Initially, the age range for Rover Scout membership was not precisely specified. In 1921 the Conference of Rover Scouts stated that 'A Rover Scout is usually a Senior Scout aged 17 years and over'. In 1956 the upper age range was fixed at 24.

Original programme and badges 
In the 1920s, the progress badges of Rover Scouts (then known as "special proficiency badges") were not too different from the Scout section - Rover Scouts wore a First Class badge and the King's Scout badge that had red trim, together with their proficiency badges. In addition, they were qualified to achieve and wear the Rambler Badge (metal version) on the left epaulette and the Rover Instructor badge.

In the 1930s, the number of badges were greatly reduced- no more First Class badge, King's Scout badge or proficiency badges. A Rover was only entitled to wear only two badges - the Rambler and the Rover Instructor. After World War II, even the Rover Instructor was not issued for a brief period. The situation improved after 1948 when the "Plan for Rover Scouts" introduced the "Progress Badge", initially a lanyard worn on the right shirt pocket, but later changed to a cloth emblem to be worn on the right epaulette.
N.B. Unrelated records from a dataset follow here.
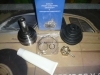 KIT PALIER CITROEN GS, GSA 25 ESTRIAS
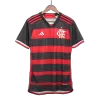 Camiseta Auténtica CR Flamengo 2024/25 Primera Equipación Local Hombre - Versión Jugador - camisetasfutbol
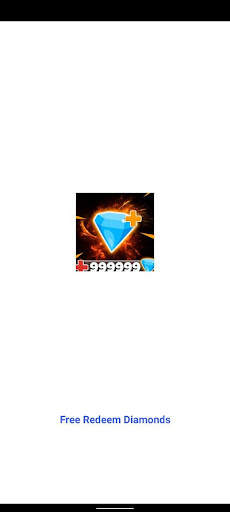 Free Redeem Diamonds - Win Free Diamonds Gift Fire screenshot 1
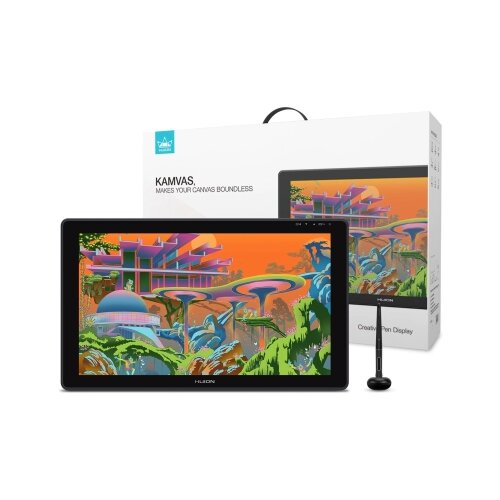 Huion Grafički Tablet Kamvas 22 Plus Slike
In a bid to rescue the flagging Rovering section, The Scout Association introduced a new organisation and training scheme in 1956, where new badges were launched to attract new members. Queen's Scouts were entitled to wear a miniature replica on their left sleeves (or the Airman's badge/Seaman's badge or Bushman's Thong under the right epaulette, but not together with the Queen's Scout badge replica) before they qualified for the highest award in the Rover section - the Baden-Powell Award (a special epaulette worn on the left shoulder).

Present day 
All of the badges are now historic in The Scout Association, with the exception of the Queen's Scout Award, following their discontinuation of the Rover Scout programme.

In 2003 The Scout Association introduced the Scout Network, aimed at a similar age range (18 to 25) to the former Rover Scouts.

Baden-Powell Scouts' Association 

The Baden-Powell Scouts' Association instituted a Rover programme upon its founding in 1970.  Rovering remains one of the five Scout sections in their association, open to all adults over the age of 18.

United States

Boy Scouts of America 

In the United States, a Rovering program was introduced by the Boy Scouts of America (BSA) in 1935, as part of a group of a “Senior Scout” division for boys 15 and older.  The program was consolidated into "Explorer Scouts" in 1949, with a top age of 21 established in 1971. This program was redesigned as the Venturing program in the 1990s and is open to ages 14 through 20. The BSA does not sanction an adult Scouting program.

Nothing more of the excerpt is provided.